* **Your objective**
Print nothing but the lines below starting at the line that holds "Hundreds of stones" and ending at the line that holds "Mitsubishi Lancer снимка Mitsubishi Lancer", including both, each exactly as written.

(Dataset entries)
______________________________
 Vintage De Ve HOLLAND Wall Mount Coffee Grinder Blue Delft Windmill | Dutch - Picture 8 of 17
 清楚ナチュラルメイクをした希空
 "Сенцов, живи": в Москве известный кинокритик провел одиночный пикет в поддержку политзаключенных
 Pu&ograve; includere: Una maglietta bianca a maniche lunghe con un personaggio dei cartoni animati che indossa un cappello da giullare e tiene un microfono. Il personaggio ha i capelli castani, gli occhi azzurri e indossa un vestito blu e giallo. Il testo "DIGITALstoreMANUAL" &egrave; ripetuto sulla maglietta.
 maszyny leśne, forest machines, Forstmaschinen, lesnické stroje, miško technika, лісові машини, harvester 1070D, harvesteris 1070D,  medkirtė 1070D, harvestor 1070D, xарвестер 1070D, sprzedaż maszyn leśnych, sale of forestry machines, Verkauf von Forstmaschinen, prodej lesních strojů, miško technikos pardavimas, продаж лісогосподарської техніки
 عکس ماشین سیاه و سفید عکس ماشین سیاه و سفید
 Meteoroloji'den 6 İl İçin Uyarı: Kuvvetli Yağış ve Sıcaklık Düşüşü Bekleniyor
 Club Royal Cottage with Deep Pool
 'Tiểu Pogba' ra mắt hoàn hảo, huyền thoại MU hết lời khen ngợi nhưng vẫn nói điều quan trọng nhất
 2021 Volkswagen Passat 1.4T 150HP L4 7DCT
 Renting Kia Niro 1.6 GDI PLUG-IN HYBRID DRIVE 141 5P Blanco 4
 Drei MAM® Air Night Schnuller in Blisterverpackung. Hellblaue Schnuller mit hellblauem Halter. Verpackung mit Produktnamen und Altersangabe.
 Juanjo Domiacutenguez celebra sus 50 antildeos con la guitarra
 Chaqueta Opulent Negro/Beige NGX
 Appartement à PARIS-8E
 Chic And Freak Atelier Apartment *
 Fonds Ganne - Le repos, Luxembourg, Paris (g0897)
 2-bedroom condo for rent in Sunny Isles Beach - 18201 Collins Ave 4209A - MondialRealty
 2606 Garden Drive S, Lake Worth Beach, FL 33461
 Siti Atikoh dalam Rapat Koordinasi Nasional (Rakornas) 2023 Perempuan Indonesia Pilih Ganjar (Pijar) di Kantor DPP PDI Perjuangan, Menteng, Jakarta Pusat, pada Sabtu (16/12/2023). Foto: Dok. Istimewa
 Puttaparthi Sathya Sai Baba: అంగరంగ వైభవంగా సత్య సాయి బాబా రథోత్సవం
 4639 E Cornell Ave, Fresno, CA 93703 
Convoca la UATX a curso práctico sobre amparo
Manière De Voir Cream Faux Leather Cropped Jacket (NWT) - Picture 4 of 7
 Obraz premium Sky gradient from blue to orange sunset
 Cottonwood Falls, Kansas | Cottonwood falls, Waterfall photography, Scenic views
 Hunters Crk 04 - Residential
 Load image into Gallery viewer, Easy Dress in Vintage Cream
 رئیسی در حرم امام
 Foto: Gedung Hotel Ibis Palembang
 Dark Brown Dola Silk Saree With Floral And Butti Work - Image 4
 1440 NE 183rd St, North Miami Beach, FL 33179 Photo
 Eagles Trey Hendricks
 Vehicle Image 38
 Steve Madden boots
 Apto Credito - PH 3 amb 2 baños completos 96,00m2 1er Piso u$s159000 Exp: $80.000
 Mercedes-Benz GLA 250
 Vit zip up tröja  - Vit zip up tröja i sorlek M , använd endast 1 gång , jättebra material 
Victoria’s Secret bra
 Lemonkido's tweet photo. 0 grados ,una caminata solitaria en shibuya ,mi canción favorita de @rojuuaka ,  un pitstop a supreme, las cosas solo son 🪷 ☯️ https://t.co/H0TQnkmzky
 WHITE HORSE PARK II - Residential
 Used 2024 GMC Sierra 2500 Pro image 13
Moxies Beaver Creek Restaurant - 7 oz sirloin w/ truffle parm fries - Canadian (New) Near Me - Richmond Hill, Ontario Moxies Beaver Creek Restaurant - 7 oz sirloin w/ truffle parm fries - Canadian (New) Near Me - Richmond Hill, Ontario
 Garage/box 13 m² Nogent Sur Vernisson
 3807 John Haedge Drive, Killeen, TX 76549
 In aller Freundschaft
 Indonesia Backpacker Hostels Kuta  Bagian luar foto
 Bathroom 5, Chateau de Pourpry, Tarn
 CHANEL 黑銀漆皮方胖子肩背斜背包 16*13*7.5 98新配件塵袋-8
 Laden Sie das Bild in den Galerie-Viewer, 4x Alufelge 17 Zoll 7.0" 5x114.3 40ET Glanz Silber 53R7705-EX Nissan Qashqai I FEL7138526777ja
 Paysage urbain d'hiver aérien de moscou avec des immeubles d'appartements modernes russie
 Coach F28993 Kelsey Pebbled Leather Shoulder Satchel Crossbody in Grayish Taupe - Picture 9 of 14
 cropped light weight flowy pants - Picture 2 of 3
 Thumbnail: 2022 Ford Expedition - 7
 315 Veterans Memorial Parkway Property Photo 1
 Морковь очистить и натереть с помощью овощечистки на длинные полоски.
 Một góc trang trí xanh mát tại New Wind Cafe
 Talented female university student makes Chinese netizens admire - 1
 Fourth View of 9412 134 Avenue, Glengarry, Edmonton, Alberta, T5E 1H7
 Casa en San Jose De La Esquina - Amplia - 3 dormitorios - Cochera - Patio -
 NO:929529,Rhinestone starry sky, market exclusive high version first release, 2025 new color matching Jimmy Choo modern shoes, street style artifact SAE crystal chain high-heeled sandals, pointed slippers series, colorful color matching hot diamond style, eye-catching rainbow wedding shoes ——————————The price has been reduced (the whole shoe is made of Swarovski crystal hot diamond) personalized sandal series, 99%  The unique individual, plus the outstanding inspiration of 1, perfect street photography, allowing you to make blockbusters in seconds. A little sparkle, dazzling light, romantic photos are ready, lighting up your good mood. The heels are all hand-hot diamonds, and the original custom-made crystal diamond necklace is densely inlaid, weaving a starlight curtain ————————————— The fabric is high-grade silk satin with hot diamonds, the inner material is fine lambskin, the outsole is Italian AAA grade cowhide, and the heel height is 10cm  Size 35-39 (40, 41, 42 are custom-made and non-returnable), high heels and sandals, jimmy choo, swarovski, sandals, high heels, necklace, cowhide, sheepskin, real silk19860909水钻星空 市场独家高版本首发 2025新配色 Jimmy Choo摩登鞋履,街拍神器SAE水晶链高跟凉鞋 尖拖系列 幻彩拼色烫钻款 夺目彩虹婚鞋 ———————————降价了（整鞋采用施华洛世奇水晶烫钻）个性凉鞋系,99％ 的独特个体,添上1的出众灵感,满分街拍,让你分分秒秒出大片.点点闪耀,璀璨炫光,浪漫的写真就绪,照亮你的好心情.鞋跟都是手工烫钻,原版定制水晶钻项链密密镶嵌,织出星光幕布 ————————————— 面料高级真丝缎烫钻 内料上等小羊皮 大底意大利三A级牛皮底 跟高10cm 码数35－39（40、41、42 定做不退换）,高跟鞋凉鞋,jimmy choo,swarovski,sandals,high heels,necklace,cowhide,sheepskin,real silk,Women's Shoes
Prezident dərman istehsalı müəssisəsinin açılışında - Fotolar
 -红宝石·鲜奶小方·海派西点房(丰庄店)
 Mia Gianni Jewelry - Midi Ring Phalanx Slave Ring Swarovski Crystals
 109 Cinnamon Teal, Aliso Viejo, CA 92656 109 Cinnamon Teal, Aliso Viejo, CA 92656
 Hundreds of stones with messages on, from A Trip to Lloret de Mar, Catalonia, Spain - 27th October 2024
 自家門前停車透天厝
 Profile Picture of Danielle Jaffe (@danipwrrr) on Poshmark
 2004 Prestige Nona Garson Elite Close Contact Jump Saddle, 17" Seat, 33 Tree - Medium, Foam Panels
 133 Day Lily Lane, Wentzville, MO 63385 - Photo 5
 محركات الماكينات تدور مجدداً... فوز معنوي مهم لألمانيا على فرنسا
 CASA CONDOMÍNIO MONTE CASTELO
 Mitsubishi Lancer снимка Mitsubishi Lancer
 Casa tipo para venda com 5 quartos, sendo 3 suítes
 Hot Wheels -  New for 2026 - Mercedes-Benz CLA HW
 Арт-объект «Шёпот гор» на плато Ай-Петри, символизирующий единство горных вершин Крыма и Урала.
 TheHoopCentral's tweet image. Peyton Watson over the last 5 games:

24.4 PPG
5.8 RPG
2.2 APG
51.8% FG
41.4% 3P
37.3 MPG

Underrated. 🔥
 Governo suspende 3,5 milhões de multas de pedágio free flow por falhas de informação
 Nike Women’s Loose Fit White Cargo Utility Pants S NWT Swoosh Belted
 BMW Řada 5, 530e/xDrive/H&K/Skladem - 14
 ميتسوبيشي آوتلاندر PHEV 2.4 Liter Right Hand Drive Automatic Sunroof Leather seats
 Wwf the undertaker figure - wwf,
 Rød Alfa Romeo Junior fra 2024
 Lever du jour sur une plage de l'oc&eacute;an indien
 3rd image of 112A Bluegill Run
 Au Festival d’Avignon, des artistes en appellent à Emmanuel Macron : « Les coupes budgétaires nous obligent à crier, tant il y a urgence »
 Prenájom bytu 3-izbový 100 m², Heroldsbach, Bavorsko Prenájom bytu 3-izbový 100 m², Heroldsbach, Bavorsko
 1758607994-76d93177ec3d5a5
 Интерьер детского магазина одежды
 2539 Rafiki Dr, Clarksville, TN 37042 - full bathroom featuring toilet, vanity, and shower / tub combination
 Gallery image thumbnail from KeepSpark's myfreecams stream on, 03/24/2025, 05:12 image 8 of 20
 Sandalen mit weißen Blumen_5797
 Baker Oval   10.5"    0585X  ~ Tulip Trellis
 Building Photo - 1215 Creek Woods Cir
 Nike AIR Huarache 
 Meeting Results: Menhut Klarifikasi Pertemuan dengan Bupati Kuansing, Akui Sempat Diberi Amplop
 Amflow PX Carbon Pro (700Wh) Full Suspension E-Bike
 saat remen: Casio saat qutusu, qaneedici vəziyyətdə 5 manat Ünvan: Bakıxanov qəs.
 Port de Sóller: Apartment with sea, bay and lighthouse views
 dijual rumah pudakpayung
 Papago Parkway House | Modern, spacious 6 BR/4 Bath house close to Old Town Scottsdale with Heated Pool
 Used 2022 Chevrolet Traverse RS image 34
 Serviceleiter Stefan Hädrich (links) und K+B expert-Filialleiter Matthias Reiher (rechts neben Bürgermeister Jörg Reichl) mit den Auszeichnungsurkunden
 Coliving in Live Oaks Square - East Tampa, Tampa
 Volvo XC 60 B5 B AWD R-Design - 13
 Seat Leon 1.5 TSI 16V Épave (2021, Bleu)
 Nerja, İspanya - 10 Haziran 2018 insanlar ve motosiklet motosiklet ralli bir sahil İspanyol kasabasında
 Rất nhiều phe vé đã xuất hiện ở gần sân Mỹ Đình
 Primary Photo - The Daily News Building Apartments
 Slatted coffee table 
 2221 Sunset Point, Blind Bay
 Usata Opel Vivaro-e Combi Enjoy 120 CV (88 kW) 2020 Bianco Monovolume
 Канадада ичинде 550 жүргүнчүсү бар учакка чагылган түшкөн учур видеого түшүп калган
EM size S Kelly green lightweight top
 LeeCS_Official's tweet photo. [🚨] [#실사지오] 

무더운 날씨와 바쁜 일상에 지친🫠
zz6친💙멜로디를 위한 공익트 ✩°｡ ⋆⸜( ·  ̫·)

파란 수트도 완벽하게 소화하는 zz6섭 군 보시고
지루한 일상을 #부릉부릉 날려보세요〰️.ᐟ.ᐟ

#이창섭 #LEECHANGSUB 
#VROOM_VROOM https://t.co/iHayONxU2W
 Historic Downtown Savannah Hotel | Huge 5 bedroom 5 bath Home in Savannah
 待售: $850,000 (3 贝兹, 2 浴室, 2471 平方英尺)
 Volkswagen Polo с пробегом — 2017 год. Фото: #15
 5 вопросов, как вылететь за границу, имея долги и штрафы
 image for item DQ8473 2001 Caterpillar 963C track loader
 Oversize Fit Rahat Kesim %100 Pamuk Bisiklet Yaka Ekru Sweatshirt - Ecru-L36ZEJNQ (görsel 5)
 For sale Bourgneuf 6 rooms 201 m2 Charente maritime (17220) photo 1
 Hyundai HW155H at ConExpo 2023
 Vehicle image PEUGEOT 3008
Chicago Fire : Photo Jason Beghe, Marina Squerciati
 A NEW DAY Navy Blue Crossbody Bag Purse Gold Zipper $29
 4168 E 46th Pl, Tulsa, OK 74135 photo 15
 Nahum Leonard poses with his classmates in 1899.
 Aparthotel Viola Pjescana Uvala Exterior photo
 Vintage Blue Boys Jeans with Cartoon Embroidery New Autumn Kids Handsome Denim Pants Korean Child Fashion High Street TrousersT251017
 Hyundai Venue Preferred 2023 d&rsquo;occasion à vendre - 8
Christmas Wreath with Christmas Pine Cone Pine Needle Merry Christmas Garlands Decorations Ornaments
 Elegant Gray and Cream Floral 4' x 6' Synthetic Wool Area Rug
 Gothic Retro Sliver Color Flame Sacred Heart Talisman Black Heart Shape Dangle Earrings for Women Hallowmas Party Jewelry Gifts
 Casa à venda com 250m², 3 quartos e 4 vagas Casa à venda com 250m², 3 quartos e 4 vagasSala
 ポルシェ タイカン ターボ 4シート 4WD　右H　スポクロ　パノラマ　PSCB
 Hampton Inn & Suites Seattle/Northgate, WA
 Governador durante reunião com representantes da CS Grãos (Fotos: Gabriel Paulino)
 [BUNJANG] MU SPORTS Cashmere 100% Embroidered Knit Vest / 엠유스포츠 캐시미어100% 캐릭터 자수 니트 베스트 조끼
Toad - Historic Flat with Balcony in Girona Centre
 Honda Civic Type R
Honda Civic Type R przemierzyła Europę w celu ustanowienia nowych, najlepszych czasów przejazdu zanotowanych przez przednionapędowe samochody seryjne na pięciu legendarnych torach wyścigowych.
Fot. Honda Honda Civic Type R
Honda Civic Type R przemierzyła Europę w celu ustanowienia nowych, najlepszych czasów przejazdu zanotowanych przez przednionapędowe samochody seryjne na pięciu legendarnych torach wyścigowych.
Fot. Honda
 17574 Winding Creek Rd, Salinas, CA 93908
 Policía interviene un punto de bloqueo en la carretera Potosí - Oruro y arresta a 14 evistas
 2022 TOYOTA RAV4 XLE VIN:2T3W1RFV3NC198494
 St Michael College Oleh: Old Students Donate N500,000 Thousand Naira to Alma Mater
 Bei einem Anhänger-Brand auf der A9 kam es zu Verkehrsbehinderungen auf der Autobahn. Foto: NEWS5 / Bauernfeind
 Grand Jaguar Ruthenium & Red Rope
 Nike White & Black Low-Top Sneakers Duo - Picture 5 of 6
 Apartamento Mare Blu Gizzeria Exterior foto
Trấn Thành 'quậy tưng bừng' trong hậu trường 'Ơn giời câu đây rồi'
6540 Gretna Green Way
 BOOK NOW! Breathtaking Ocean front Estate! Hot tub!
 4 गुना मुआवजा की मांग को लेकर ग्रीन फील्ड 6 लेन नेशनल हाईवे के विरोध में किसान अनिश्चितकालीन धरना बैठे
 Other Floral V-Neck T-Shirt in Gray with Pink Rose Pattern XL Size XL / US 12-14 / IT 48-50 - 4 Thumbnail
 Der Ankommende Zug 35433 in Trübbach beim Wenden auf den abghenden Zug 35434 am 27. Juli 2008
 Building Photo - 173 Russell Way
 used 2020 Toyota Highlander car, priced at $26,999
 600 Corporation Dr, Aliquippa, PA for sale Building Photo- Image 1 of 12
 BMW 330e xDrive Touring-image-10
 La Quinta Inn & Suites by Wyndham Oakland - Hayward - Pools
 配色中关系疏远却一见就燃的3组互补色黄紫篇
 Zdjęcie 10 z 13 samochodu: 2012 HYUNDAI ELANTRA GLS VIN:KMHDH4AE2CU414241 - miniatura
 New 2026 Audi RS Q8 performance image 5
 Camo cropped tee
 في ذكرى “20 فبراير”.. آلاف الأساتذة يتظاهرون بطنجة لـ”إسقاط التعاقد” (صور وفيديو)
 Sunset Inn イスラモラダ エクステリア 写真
______________________________
* **Answer to the problem**
 Hundreds of stones with messages on, from A Trip to Lloret de Mar, Catalonia, Spain - 27th October 2024
 自家門前停車透天厝
 Profile Picture of Danielle Jaffe (@danipwrrr) on Poshmark
 2004 Prestige Nona Garson Elite Close Contact Jump Saddle, 17" Seat, 33 Tree - Medium, Foam Panels
 133 Day Lily Lane, Wentzville, MO 63385 - Photo 5
 محركات الماكينات تدور مجدداً... فوز معنوي مهم لألمانيا على فرنسا
 CASA CONDOMÍNIO MONTE CASTELO
 Mitsubishi Lancer снимка Mitsubishi Lancer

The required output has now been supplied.